GIVEN DATA -
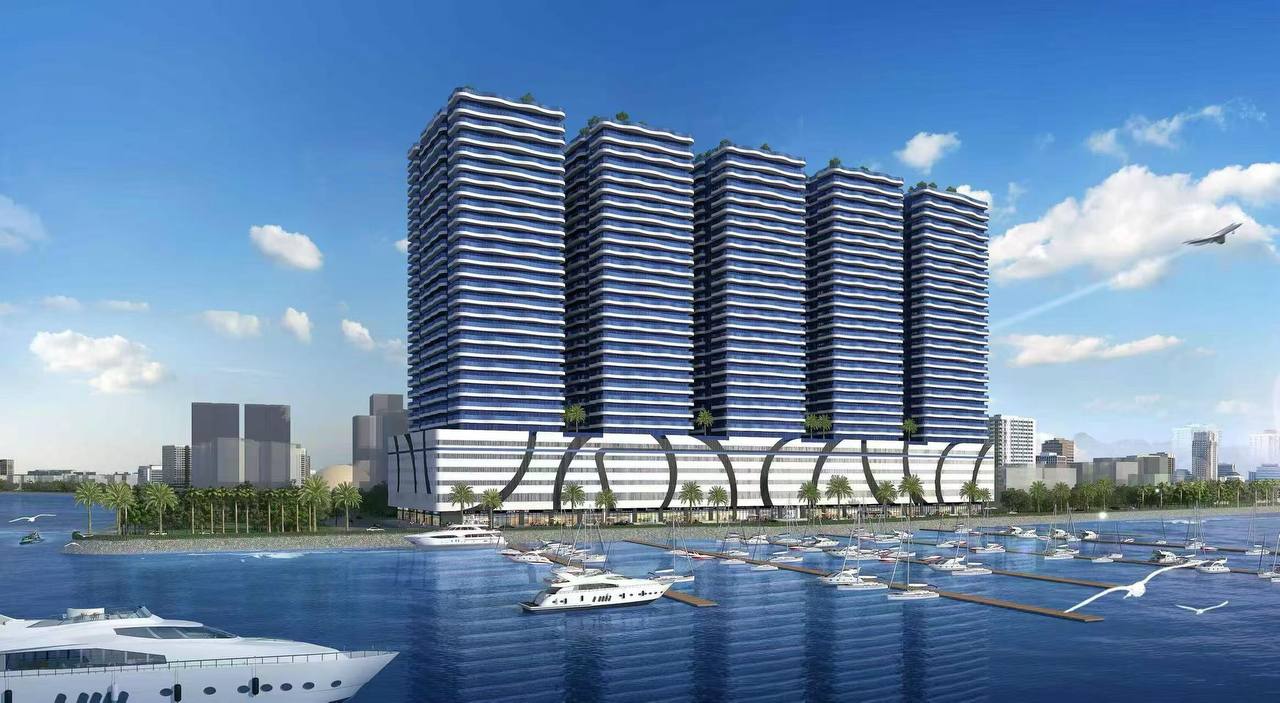 【鸿盛.海滨南岸】-manila58.com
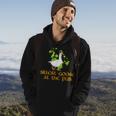 Silliest Goose At The Pub St Patricks Day Funny Hoodie Lifestyle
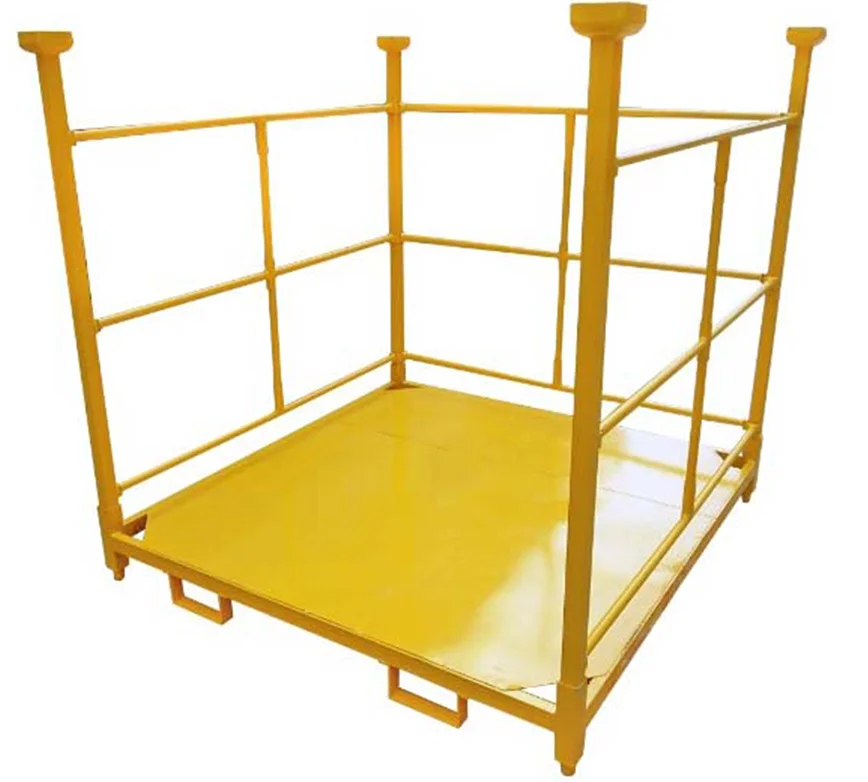 Metal-Movable-Stacking-Rack-For-Fabric-Roll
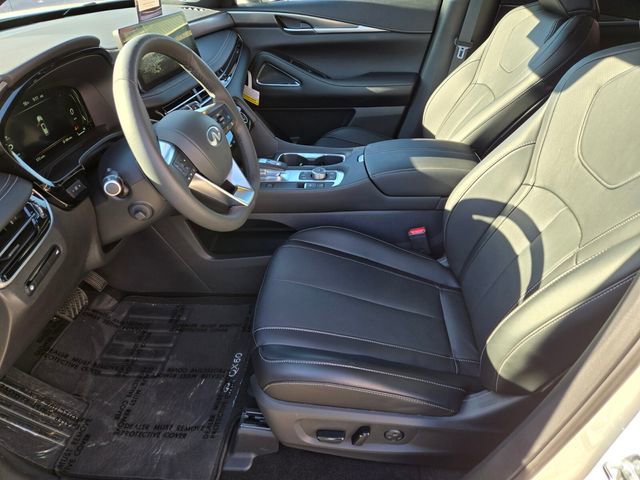 Certified 2025 INFINITI QX60 Luxe w/ Black Edition AWD/4WD image 11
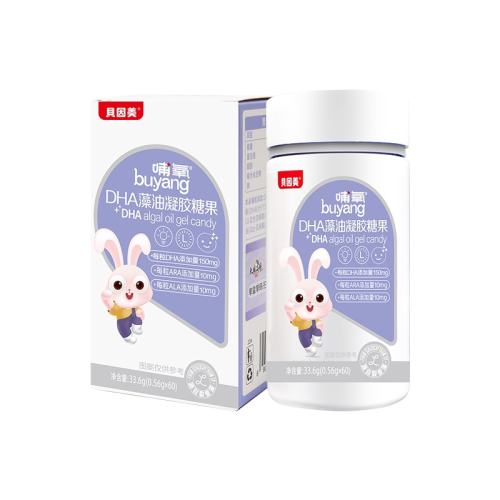 һƿװ��60��/ƿ�� ������DHA��Ѻ����Ͷ�ͯ 75Ԫ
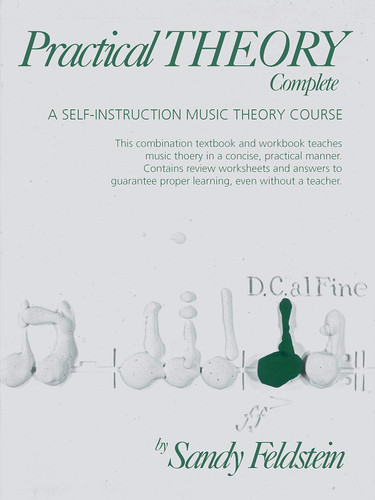 Practical Theory: Complete Spiral-Bound Book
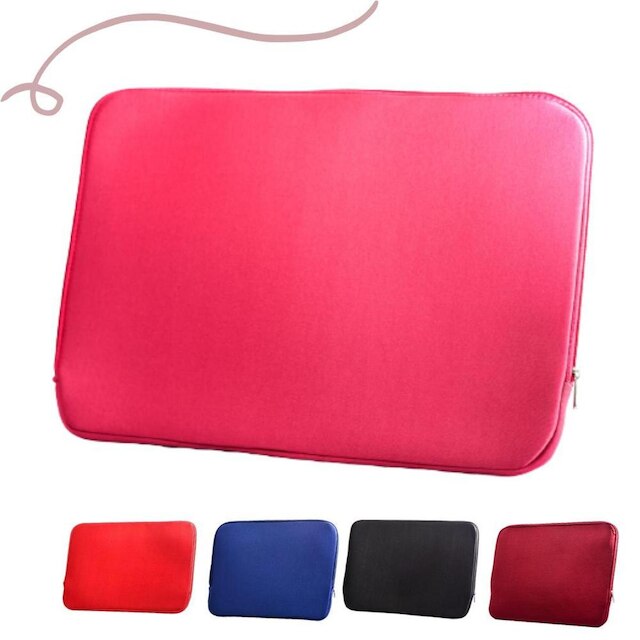 Capa Case Maleta Feminina Notebook Laptop Proteção - Rosa | Netshoes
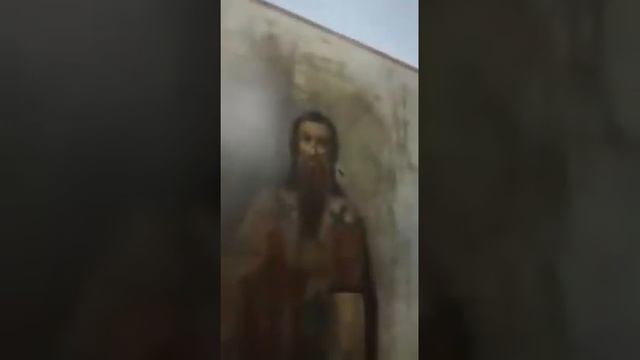 Иконы плачут. 06.11.2020 г. Слезоточение, мироточение икон в селе Ворон-Лозовка, Липецкой обл. смотреть онлайн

ACTIVITY -
The entries are to be written out again exactly, though without any images.

OUTPUT FOR THIS EXERCISE -
 【鸿盛.海滨南岸】-manila58.com
 Silliest Goose At The Pub St Patricks Day Funny Hoodie Lifestyle
 Metal-Movable-Stacking-Rack-For-Fabric-Roll
 Certified 2025 INFINITI QX60 Luxe w/ Black Edition AWD/4WD image 11
 һƿװ��60��/ƿ�� ������DHA��Ѻ����Ͷ�ͯ 75Ԫ
 Practical Theory: Complete Spiral-Bound Book
 Capa Case Maleta Feminina Notebook Laptop Proteção - Rosa | Netshoes
 Иконы плачут. 06.11.2020 г. Слезоточение, мироточение икон в селе Ворон-Лозовка, Липецкой обл. смотреть онлайн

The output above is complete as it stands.